Form Follows Fiction covers 50 years of art by local artists, curated by Luis Jacob
Toronto’s art scene is as diverse and fragmented as the city itself.
You’ll find the work of local artists scattered across the city in small galleries and large institutions alike – all offering a different perspective of the place they call home.
Rarely, however, are these works brought together under one roof. But that’s what artist, U of T alumnus and visiting professor, Luis Jacob, has set out to do with the Form Follows Fiction: Art and Artists in Toronto exhibition at U of T’s Art Museum.
The exhibition, curated by Jacob, explores the way Toronto artists have visualized the city over the past 50 years through the themes that connect them.
Form Follows Fiction runs from now until December 10.

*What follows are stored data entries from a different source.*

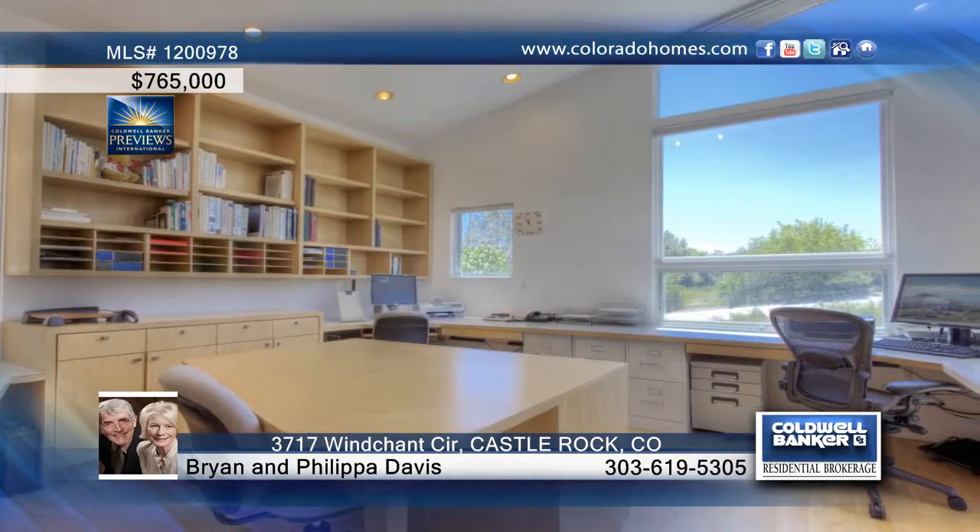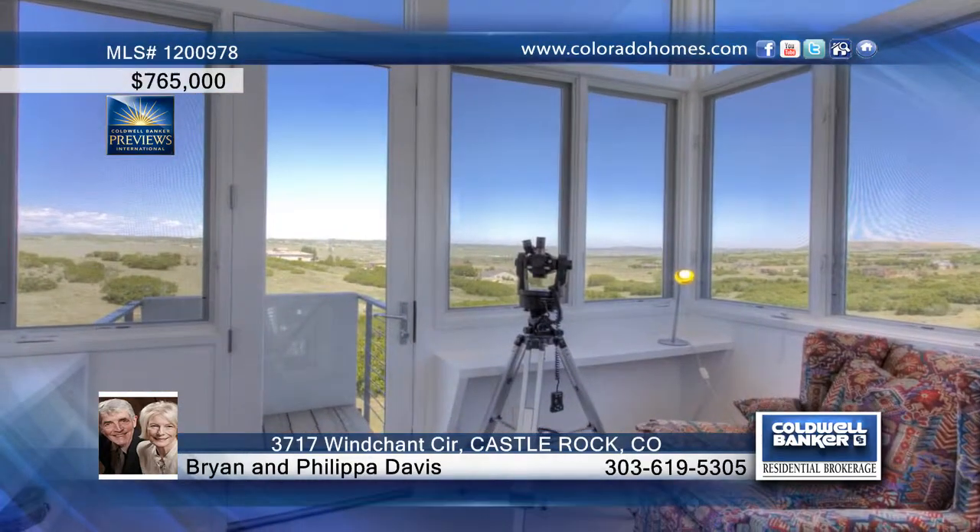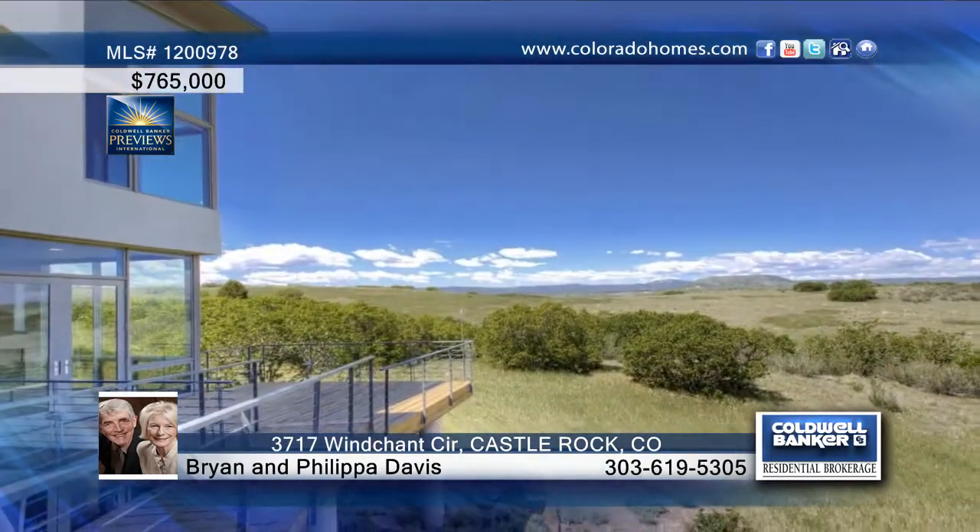The elegant upper level hosts the master suite with a jetted tub and glass shower, an unusual walk-in closet and stairs to the tower top viewing haven.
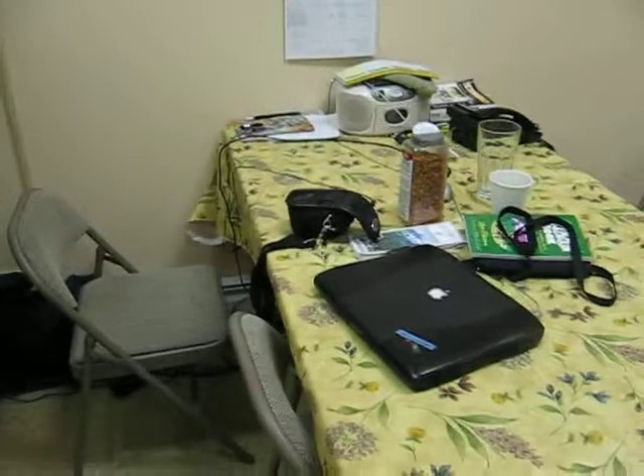Over here we have the table where I email and eat and all that kind of stuff. That's my fridge. Recycling! This is our very spacious kitchen. So spacious. We got a new toaster today. Pretty cool.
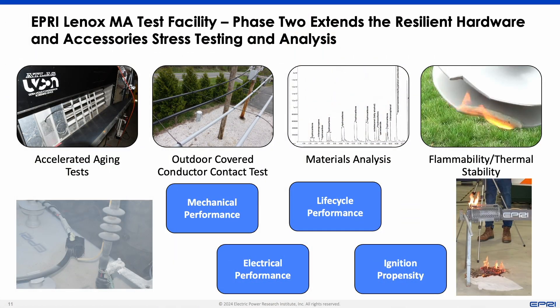The EPRI Wildfire Lab has been providing insights and a technical basis for utilities to address wildfires for a number of years and will continue to do so into the future.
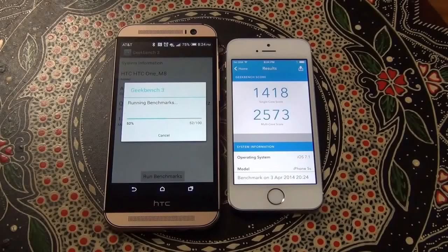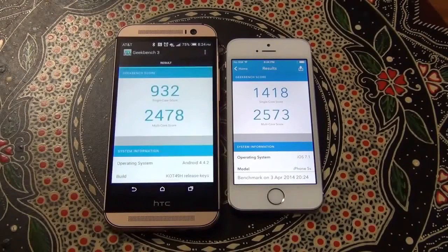Okay so the iPhone is complete. As you can see, the single core test is 1418 on the iPhone and the multi-core test is 2573. The HTC One M8 single core performance is 932 and the multi-core performance is 2478. In the multi-core scores the iPhone is only slightly faster than the HTC One, but on the single core it is significantly faster. So overall the iPhone is faster, but not by a large margin.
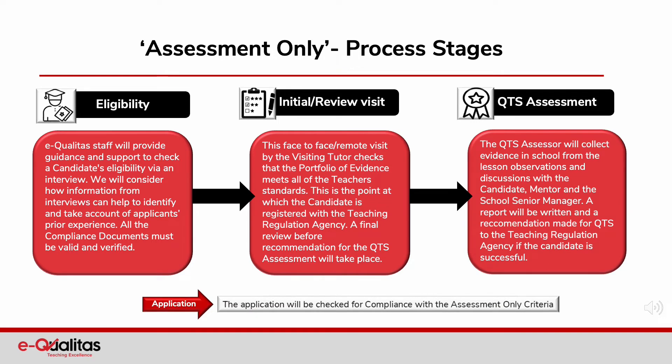Let's review the stages of the assessment only route. We have mentioned eligibility and the criteria that initially needs to be met, but Equalitas staff will provide guidance and support to check a candidate's eligibility via an interview. We will consider how information from interviews can help to identify and take account of applicants' prior experience. All of the compliance documents must be valid and verified.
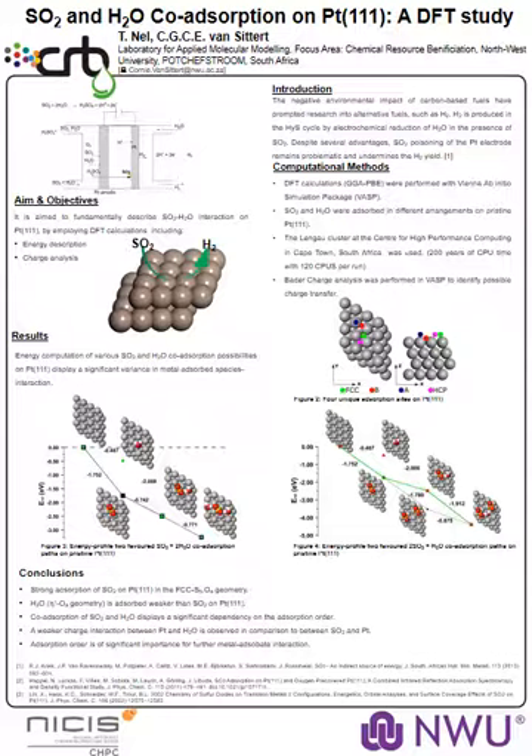This was performed through the employment of the FASP computer simulation program and 120 calls at the Center for High Performance Computing in Cape Town, South Africa. This has taken quite a lot of CPU time — roughly about 200 years — and we can see in the results that the adsorption of sulfur dioxide is significantly stronger than that of water.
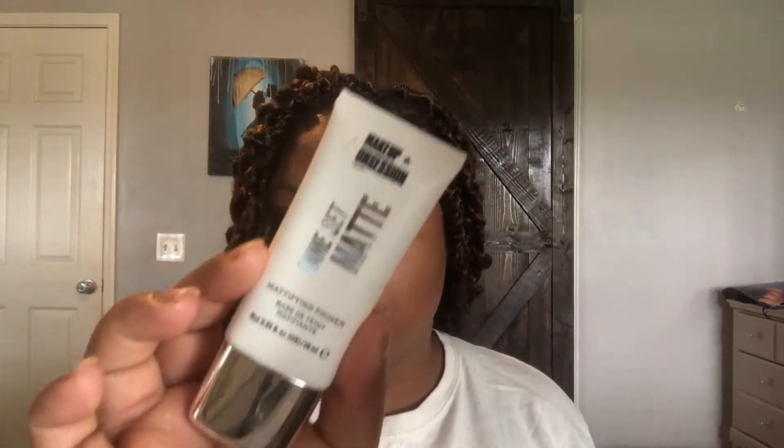What I do on my eyebrows is I put some primer first. The primer I'm using now is this Makeup Obsession Game Set Matte — I just found this at Ulta online, it was on sale so I was like let me try it out. I just apply it...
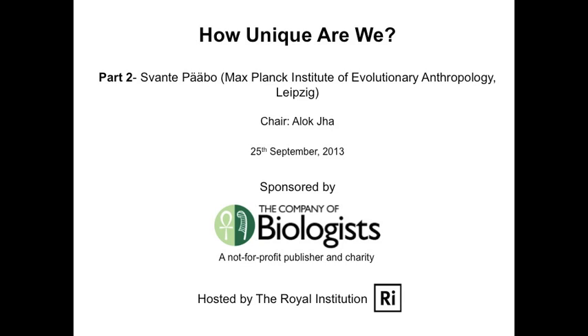This is a reconstructed Neanderthal skeleton compared with a modern human skeleton. Neanderthals were these robust forms of humans. They appear in Europe and western Asia in the fossil record — depending on how you define a Neanderthal — maybe 300,000 years ago or so, and they exist until about 30,000 years ago when they become extinct.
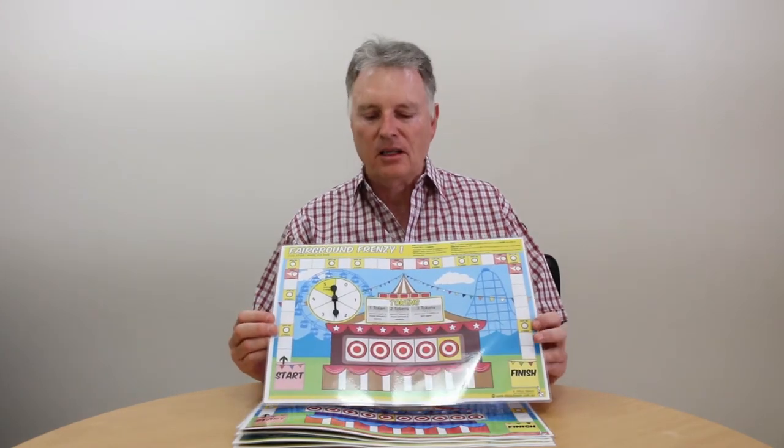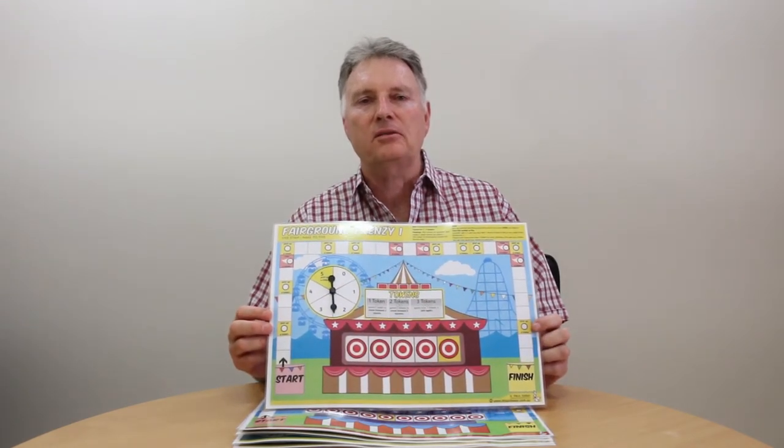Over the break we've also been working on some new games. This one is obviously for younger children — it's called Fairground Frenzy. Number one is just about a five frame, but really it's about the bonds that make to five. We then extend that idea to a ten strip, and if you look at the ten strip there, it's just the bonds or numbers that add to make ten. And then we have a tens frame and the same sort of thing — it's the bonds or numbers that make to ten. So there are three games in that little set.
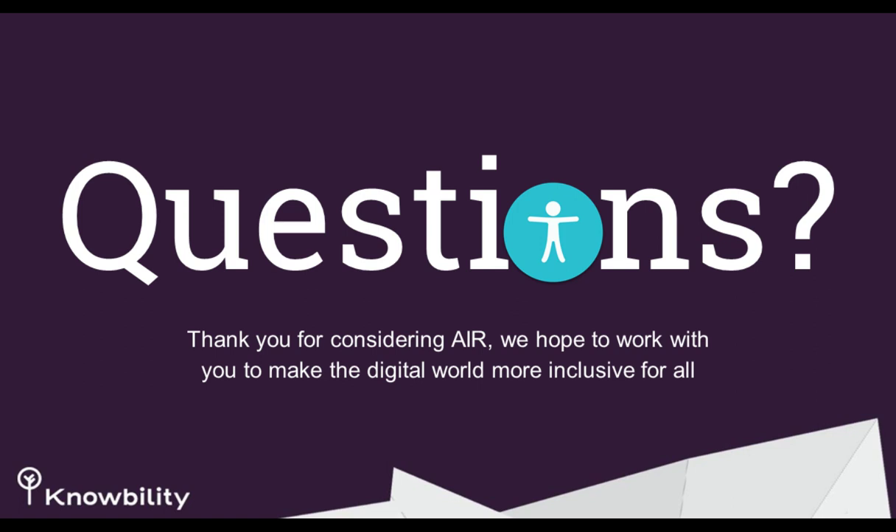That's our time. If you have questions, email Jessica or me at any time. You can reach both of us at air@knowability.org, Jillian at jillian@knowability.org, and Jessica at jlooney@knowability.org. We'll include that in the post-event email along with slides, recording, and links mentioned throughout. Apologies for the audio issues during the webinar, and thanks for bearing with us.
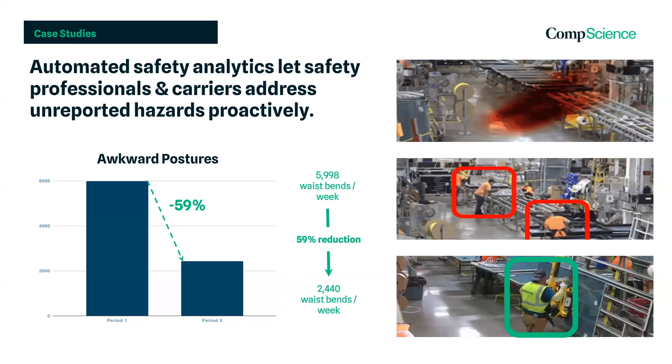Our risk reports, as well as our team of ergonomists and loss control professionals, then work with the client to eliminate those risks. Ergonomics can be one of the most difficult exposures to detect, as it is often the culmination of months or years of repetitive motion.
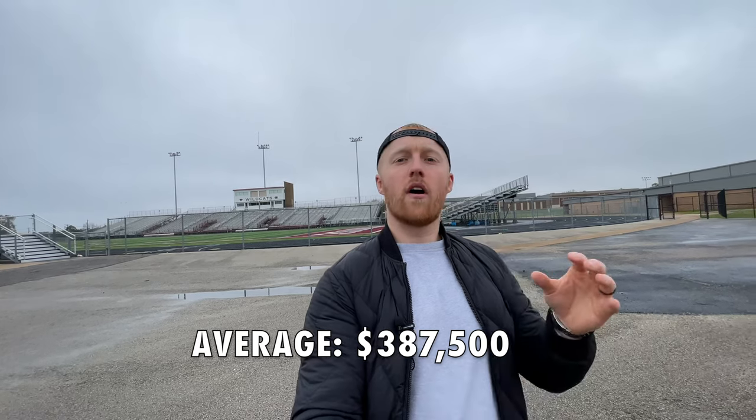Quick fact about the housing market here: the average price of a home in White House is around $387,500. That's the average of what homes have sold for here over the last year. Without further ado, let's move on to our first neighborhood.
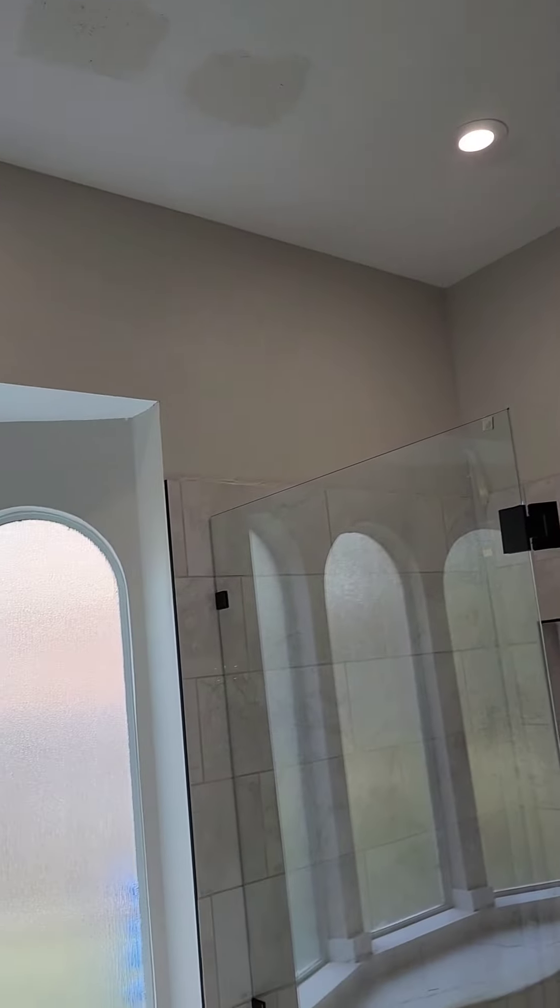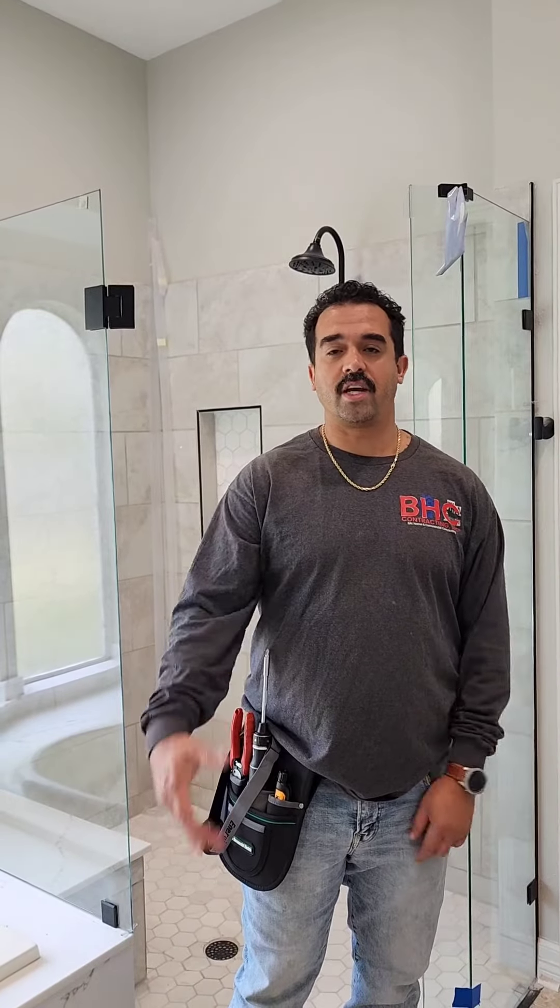And there you have it. Now they can control how much light comes in and they get to see this beautiful remodel that we've got done. If you have any repairs, any remodeling, restoration, renovation — residential or commercial — reach out. Thanks for watching. I'll see you next time.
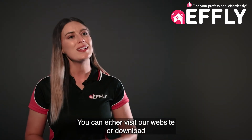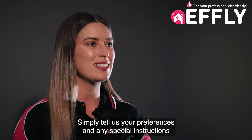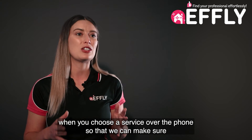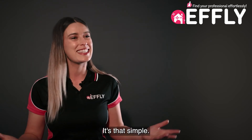You can either visit our website or download the Effly app from the App Store or Google Play Store. Simply tell us your preferences and any special instructions when you choose a service over the phone, so that we can make sure you receive the perfect tailored service. It's that simple!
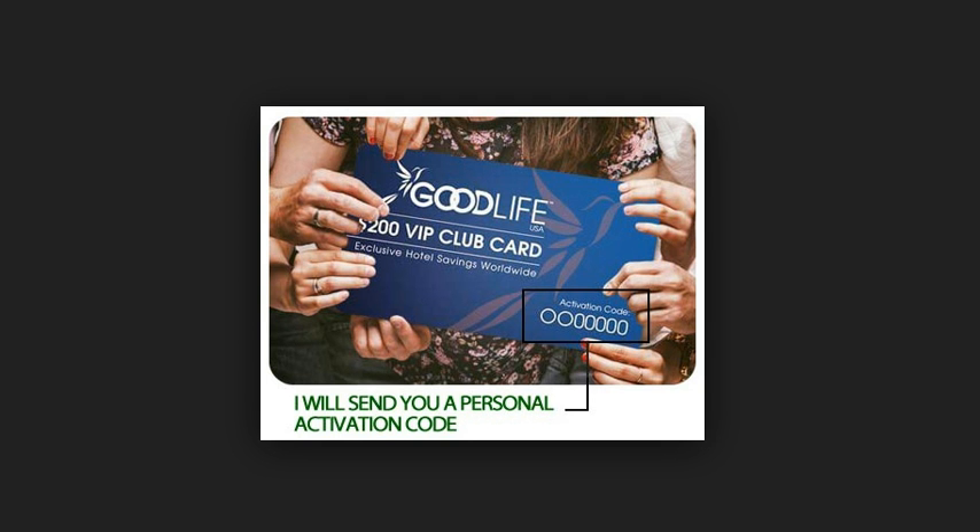The VIP Club Card gives the recipient a real $200 savings in exclusive hotels and resorts — and this is worldwide. This Good Life $200 VIP Club Card gives the recipient access to our private membership travel portal where they will be able to get the lowest prices on the internet for hotel and resort stays worldwide. These are prices that are not given to the general public — the lowest prices on the internet. When you give this gift away, you're giving something of value, something that somebody can use.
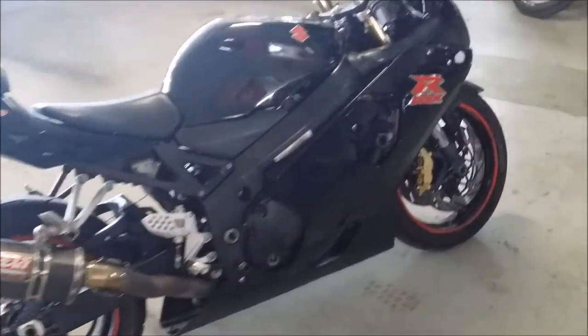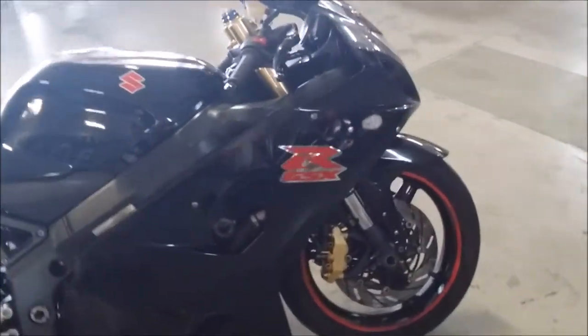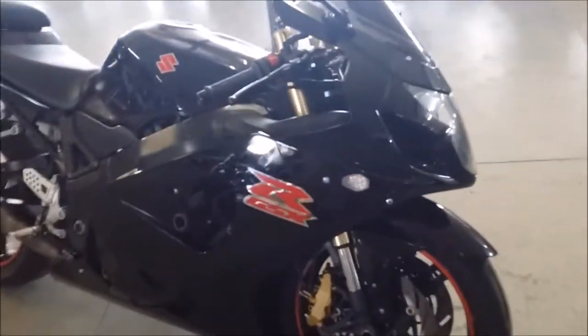Here we have a 2004 used Suzuki GSXR 600 for sale for only $44.99. This is a nice clean used Gixxer 600 for sale with all the extras.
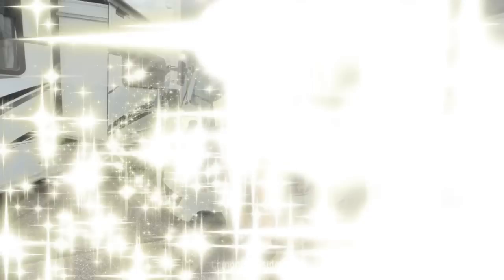Now that you've seen our video all about Class B RVs with all-wheel drive, there are only three things left to do: hit that thumbs-up button, please subscribe to our channel, and click the box below to watch another one of our videos all about Class B RVs. From Mike and Susan, thanks for watching — we'll see you next time.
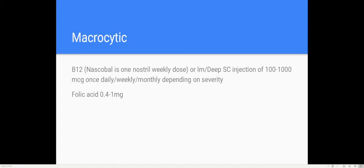For macrocytic anemia caused by B12 deficiency, nascobal is given as one nostril weekly, or you can give an IM or deep subcutaneous injection. The dose depends on the severity of anemia. For folate deficiency, folic acid is dosed at 0.4 to 1 mg — more patient-specific than a fixed dose.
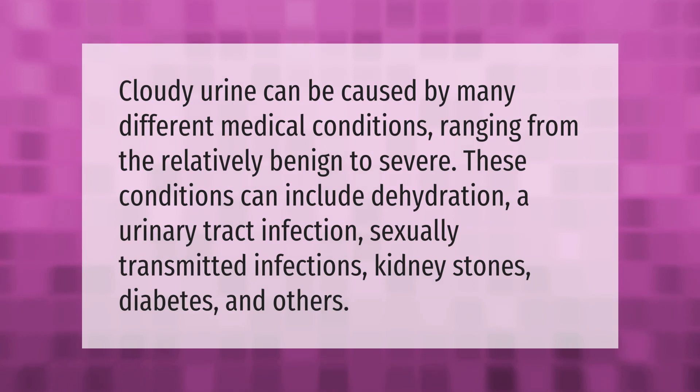Cloudy urine can be caused by many different medical conditions ranging from the relatively benign to severe. These conditions can include dehydration, a urinary tract infection, sexually transmitted infections, kidney stones, diabetes, and others.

U of T News spoke with Jacob about the exhibit and why it’s important to tell Toronto’s story through art.
(This interview has been edited for length and clarity.)
How did Form Follows Fiction come about?
The exhibition is a product of a long conversation of Barbara Fisher, the director of the Art Museum. She’s also a very important curator in the city. For many, many years we’ve had this ongoing conversation about Toronto and the particular forms of culture that have been developing here. Something I’ve felt for a long time is that there’s obviously a great deal of artistic activity in Toronto – lots of artists, lots of exhibitions, lots of galleries. So there’s a sense of vitality that’s a discernible quality of art in Toronto. But something I think we don’t do so well is connect the dots between artists of one moment and another moment, generations of artists, even different aesthetic practices. In part, the exhibition is trying to connect the dots.
What can we expect at the exhibition?
The premise of the exhibition is that certain themes connect works that might at first appearance look quite different from each other. There are many threads in an exhibition like this but I’m trying to look at how these themes have something to say about this place we call Toronto.
One of the interesting themes that is explored in the exhibition is the theme of the vacant lot. The idea of the vacant lot as a kind of metaphor or allegory or figure that artists adopt in order to say something about Toronto as a specific place.
We have this historical document called a Toronto purchase. It documents the agreement conducted between the Mississaugas of New Credit first nation and the British crown about the terrain we now call Toronto. Something I find fascinating is that the British surveyor who made the document rendered the land as a kind of blank page. The drawing is quite striking. It was made at the end of the 18th century and yet it also looks like a work of minimalist art or conceptual art from the 1970s.
Today’s Toronto is definitely marked by the question of real estate, the value of real estate, the process of gentrification and so I think this idea of treating what exists as something waiting to be exploited is something that has a prevalence today which one can trace its roots to the colonial founding of the city as a kind of vacant lot. So this 18th century idea of Toronto of the land as a vacant lot waiting to be exploited does influence our contemporary relationship to the environment. Gentrification is simply another version of that kind of an impulse.
Why is it important to present work from Toronto artists in one place?
To bring together works from different generations shows us the things that change over time and the things that remain the same. What are the themes, the ideas, the imagery and the allegories that remain the same although obviously the city itself changes over time, artistic practice changes over time.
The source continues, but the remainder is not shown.